As I’ve travelled through the Aeolian Islands, I’ve had a feeling that I’m running before a tempest of tourism that crashes over each island as I leave it. The further west I get the strength of the tempest gets weaker and weaker and I wonder if it will ever reach Filicudi. There’s something tranquillising about Filicudi, or there is about Pecorini Mare, where I’ve rented a flat for a few days, with a terrace that looks out onto the sea on either side of the back of a low building fronting the harbour jetty.
The day doesn’t start early here. There’s not a lot of point. It progresses in easy stages through the hours. Eat, sleep, swim, read, watch the comings and goings around the tiny port. Each evening, cruise yachts congregate in the shallow bay, like gulls coming in to roost, drawn by the excellence of the one restaurant, La Sirena. and a pop-up bar which has the explicit name, Saloon.

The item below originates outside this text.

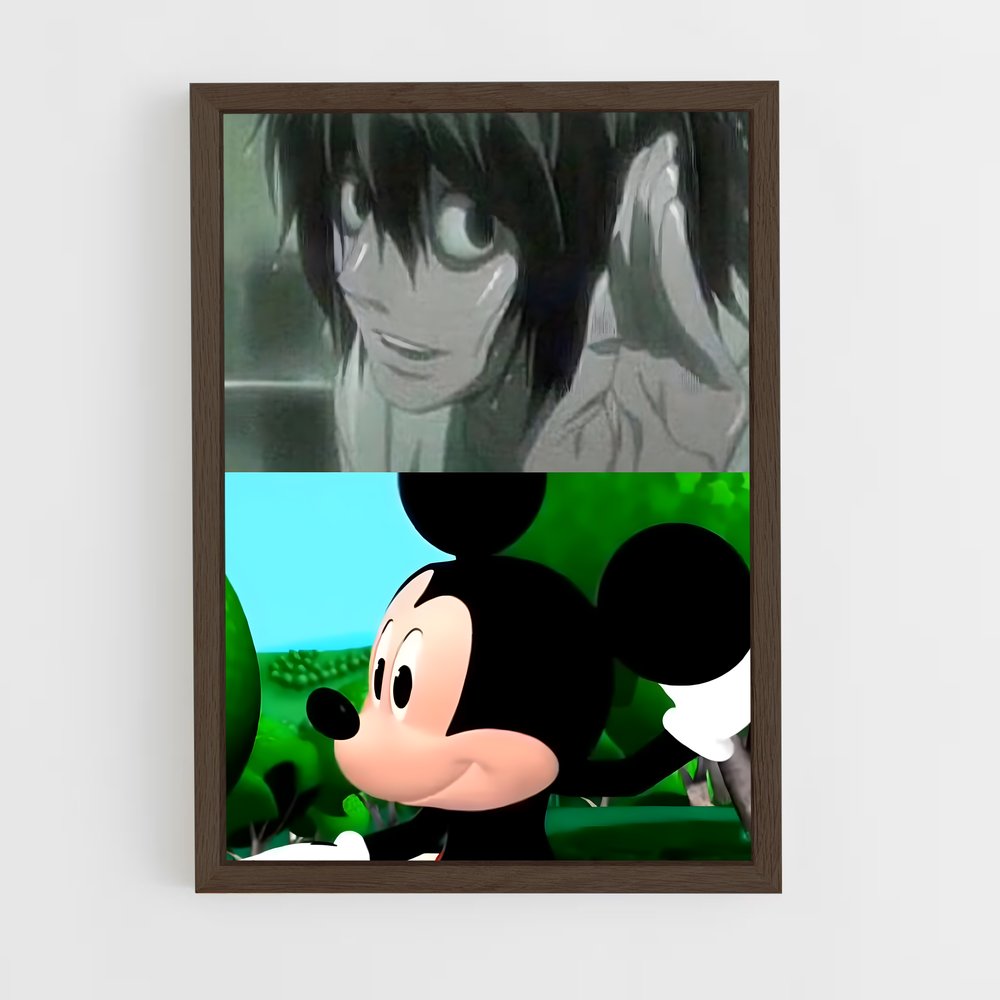 ap-death note-3 cadre Bois foncé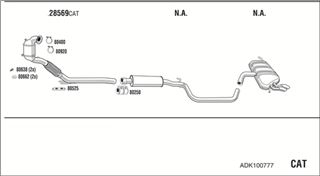 Zestaw tłumików, kompletny układ wydechowy - WALKER ADK100777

It may give you some idea of the tranquillity of the place when I say that the most exciting this that’s happened so far is that I spotted an octopus resting on a rock on one of my daily snorkel patrols in the amethyst waters around here. It was unusual because octopi are shy creatures, and aren’t often spotted out in the open like that. I looked at it. It looked at me. It flexed its tentacles. They extended and curled over the surface of the rock, twitchily fluid. It was weird and beautiful and sinister. It suddenly resolved into a compact whole, and jetted off a few feet to another rock. I followed quietly, playing grandmother’s footsteps. We eyed each other again. Suddenly my octopus became fed up with the game, and, collecting itself once more, shot off into the blue yonder. I felt absurdly pleased by the encounter. Sadly, I didn’t have a waterproof camera to record this historic meeting. For once I thought I would’ve liked to have had one of those underwater Go-Pro devices, but there’s always one more bit of bloody electronic equipment I don’t have.